Apps, privacy and sensationalism

Enrique Dans

A couple of months ago we saw the appearance of FaceApp, a Russian app that transforms photographs of faces to make them look younger, older and that can even change their sex, generating speculation as to whether the photographs were being used for some sinister purpose. We are now hearing similar concerns about a Chinese app called Zao that uses deepfake technology to superimpose faces over those of actors in scenes from well-known movies or television series, among them Leonardo DiCaprio, Marilyn Monroe, Sheldon Cooper, etc. The app is the creation of chat and dating app Momo, Inc., a company quoted on the NASDAQ.

These apps are designed to be fun to use and go viral quickly, topping the app charts. It’s very unlikely that anybody bothers to read their terms and conditions, and even if they did, the fact that the companies are based in Russia or China doesn’t inspire much confidence anyway.

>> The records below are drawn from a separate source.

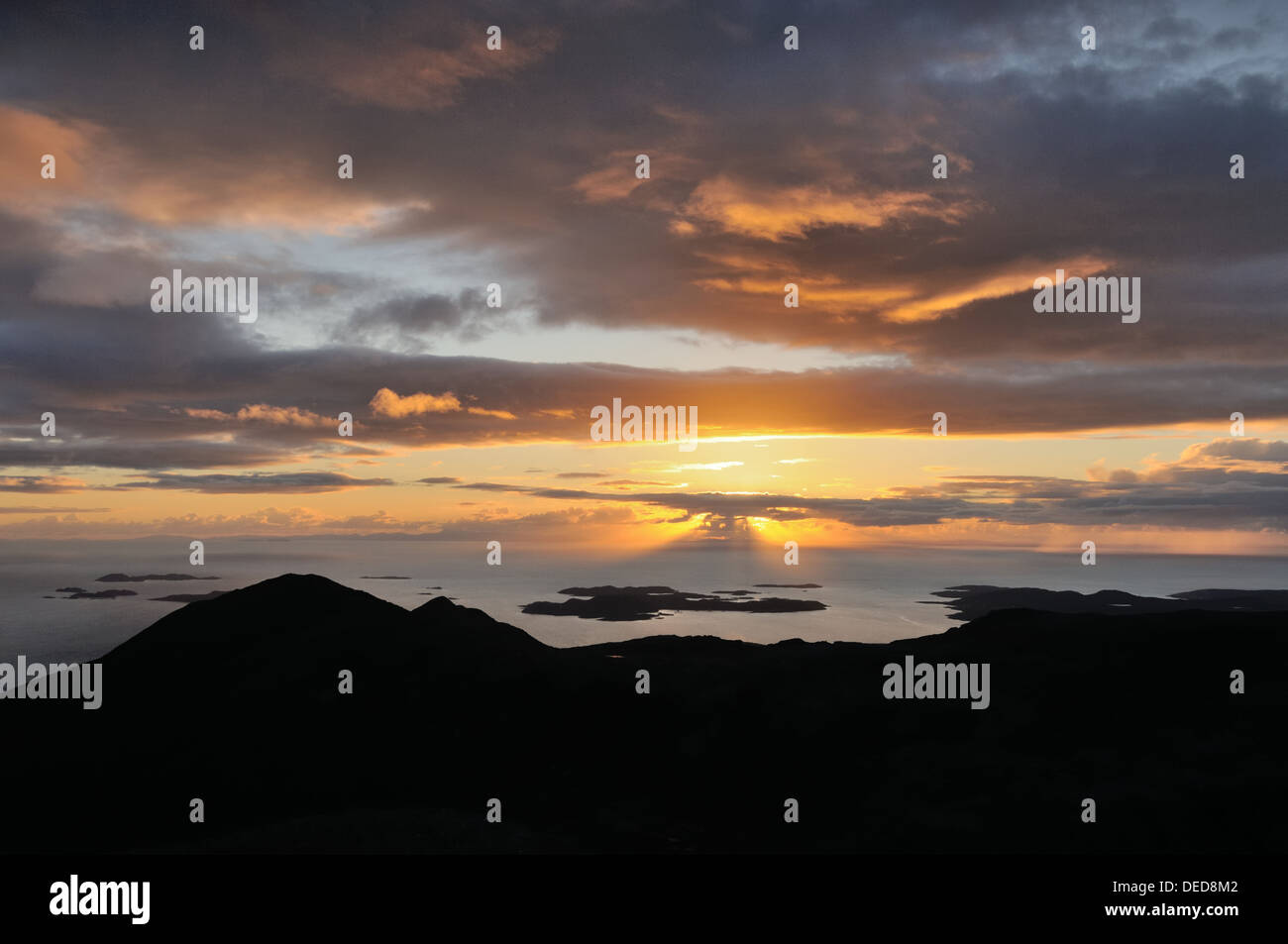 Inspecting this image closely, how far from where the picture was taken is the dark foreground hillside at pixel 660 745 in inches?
1559

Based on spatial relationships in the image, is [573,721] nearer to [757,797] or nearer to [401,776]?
[401,776]

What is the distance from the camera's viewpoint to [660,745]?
180ft

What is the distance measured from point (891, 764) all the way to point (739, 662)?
18858 mm

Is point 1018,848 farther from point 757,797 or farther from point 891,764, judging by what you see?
point 757,797

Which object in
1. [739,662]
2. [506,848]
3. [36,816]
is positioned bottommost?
[36,816]

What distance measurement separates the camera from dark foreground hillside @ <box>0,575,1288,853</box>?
39.6 meters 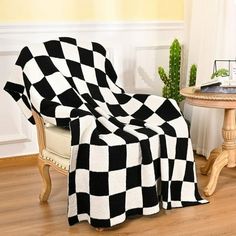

In the case of FaceApp, there doesn’t seem to have been much potential for misuse: the app didn’t garner much information and there was no way to know whose photograph was being used. While it was possible that photographs were being collected to train facial recognition algorithms, it seemed unlikely that the information could be used for identity theft or other nefarious purposes.

Zao raises some interesting questions about security and privacy: firstly, it is from China, a country seen in the west as having no respect for either of the above. That said, it has already been restricted by WeChat for security reasons, although that does not mean there are any such risks. What it does mean is that more and more platforms are beginning to worry abusive clauses in the apps they distribute.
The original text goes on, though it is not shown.